A cold ice cream is probably not on the menu at this time of year in Scotland, but for November’s Document of the Month we are looking at the Doune Burgh bye-laws for ice-cream and aerated water shops that were instated in October of 1905.
Scotland’s Year of Coast and Waters has allowed us to look at a variety of topics involving the water of our country and its use in the aeration process is what we will focus on this month.
The Doune Burgh bye-law state that no person shall open or keep open any premises registered as an Ice-Cream Shop and/or Aerated Water Shop before 7am or after 10pm and that any person found to be doing so will be fined no more than 40 shillings for each breach of the bye-law.
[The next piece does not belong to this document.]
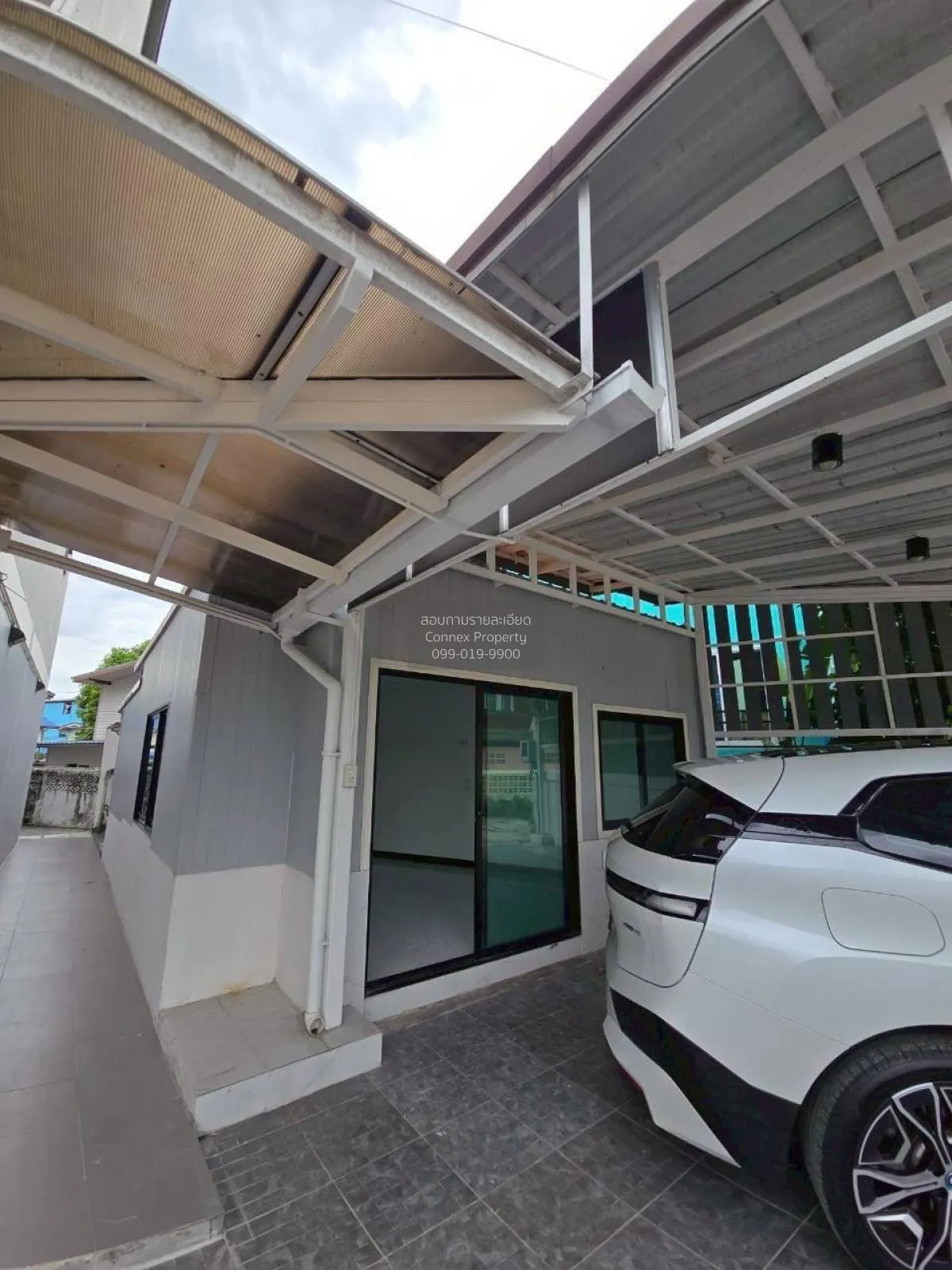 For Sale Townhome 3-storey with single-storey building , Khlong K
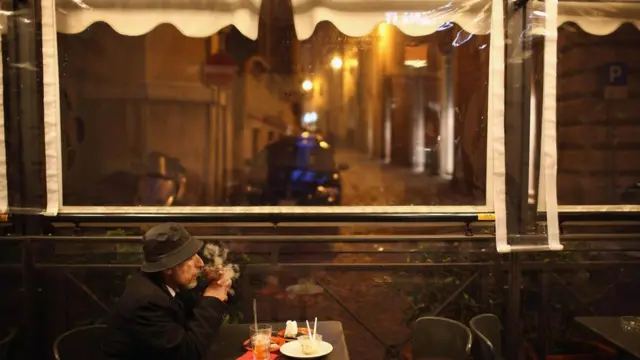 తక్కువ పని చేసే కళ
Similar bye-laws were also put in place for pigsties, slaughterhouses, and common lodging houses in the Burgh of Doune.
The document was made by the Provost, Magistrates, and Councillors of the Burgh of Doune on the 8th of May 1905. The bye-laws were later confirmed in Dunblane on the 4th of October 1905 and again on the 7th of October 1905 by His Majesty’s Secretary for Scotland.
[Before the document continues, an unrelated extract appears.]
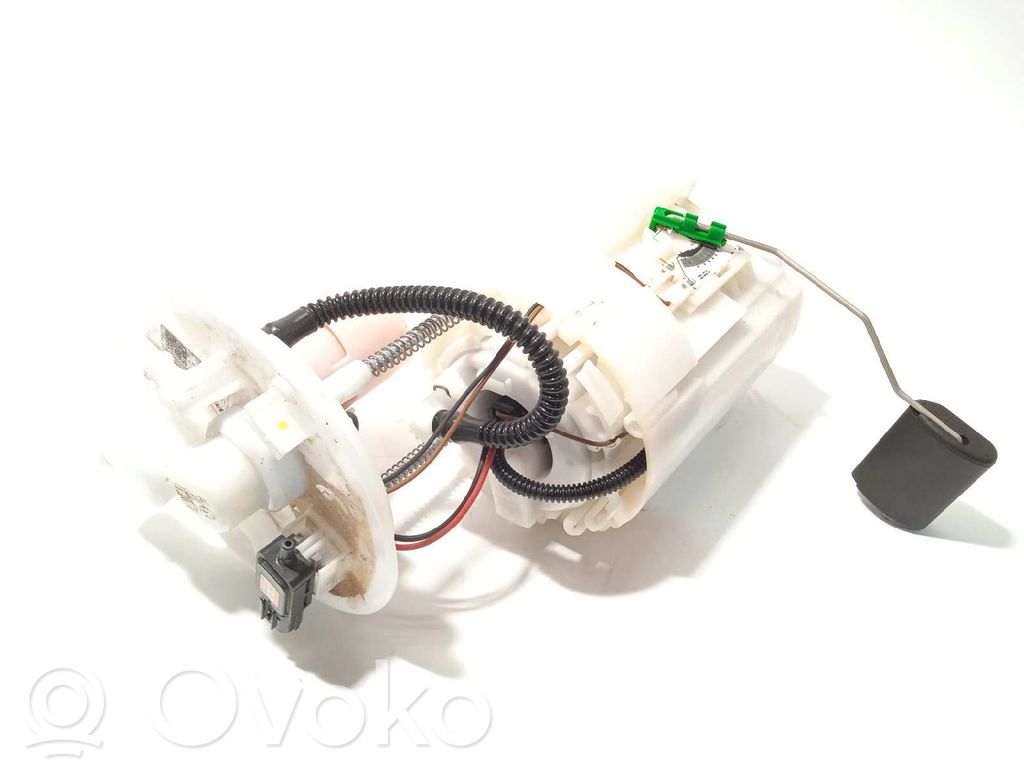 KIA Xceed Bomba interna de combustible 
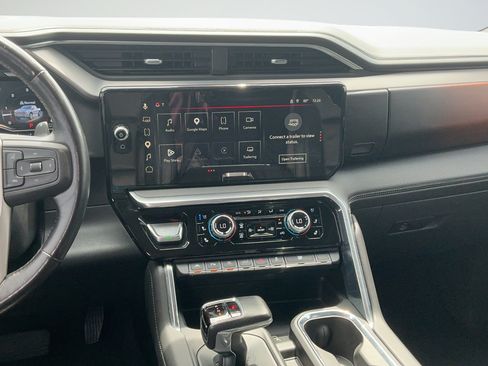 Used 2022 GMC Sierra 1500 Denali w/ Denali Reserve Package RWD image 8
At the time the bye-law was put into action, the Burgh of Doune received its water supply from the nearby Annet Burn. Annet Burn begins in the hills of Kilmadock Parish to the North East of Callander before flowing South East in two streams down the slopes of Uamh Bheag (meaning ‘little cave’) before joining the River Teith. It is 6 miles long and 1.5 miles away from Doune.
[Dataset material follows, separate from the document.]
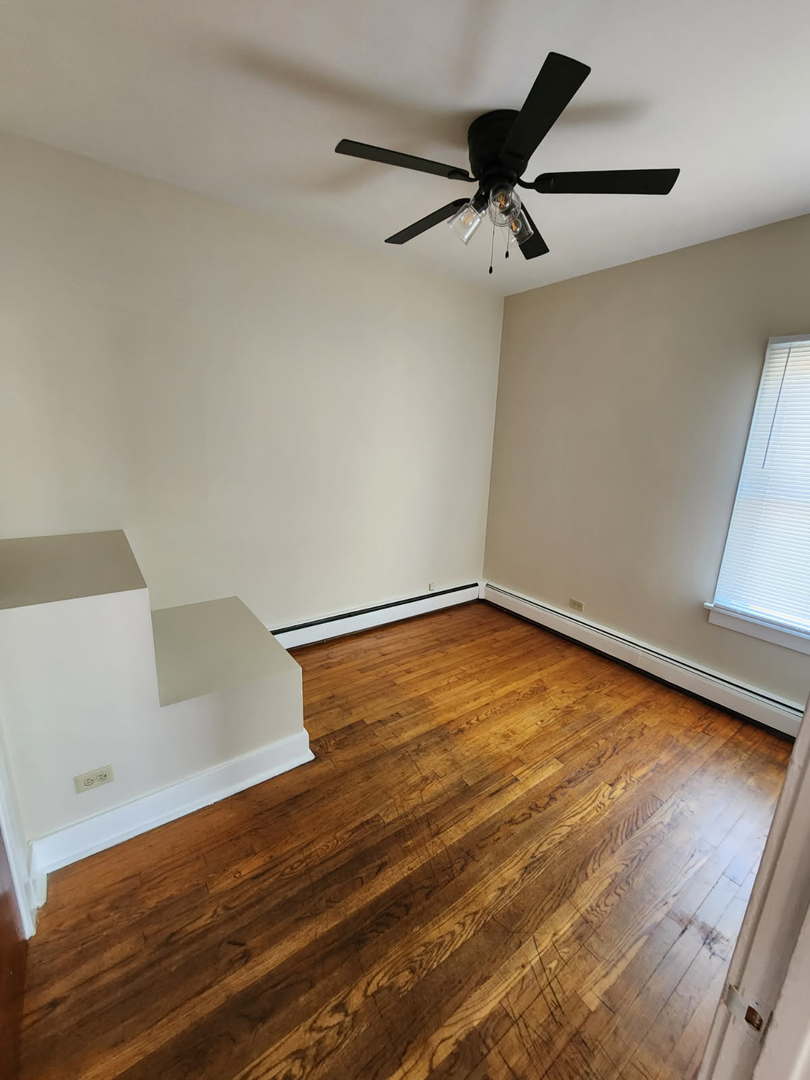 48 Crystal Street #2F, Cary, IL 60013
The water brought from Annet Burn would have been used in the aeration process for the local ice-cream and aerated water shops. Aeration is the process by which air is circulated through, mixed with, or dissolved in a liquid such as water. It is used in the production or aerated water or cola for drinking purposes. Today, we also refer to aerated water as carbonated water and see it as a fairly common drink, but the beverage (as well as ice-cream) would have been more of a novelty for customers back in 1905.
From the 31st October 1905 to the 14th of July 1921, eleven individuals registered ice-cream and aerated water shops in the Burgh of Doune. The ice-cream shop at 59 Balkerach Street, Doune changed owners a number of times and it wasn’t long until new shops opened up nearby on George Street, Main Street, and The Cross in Doune.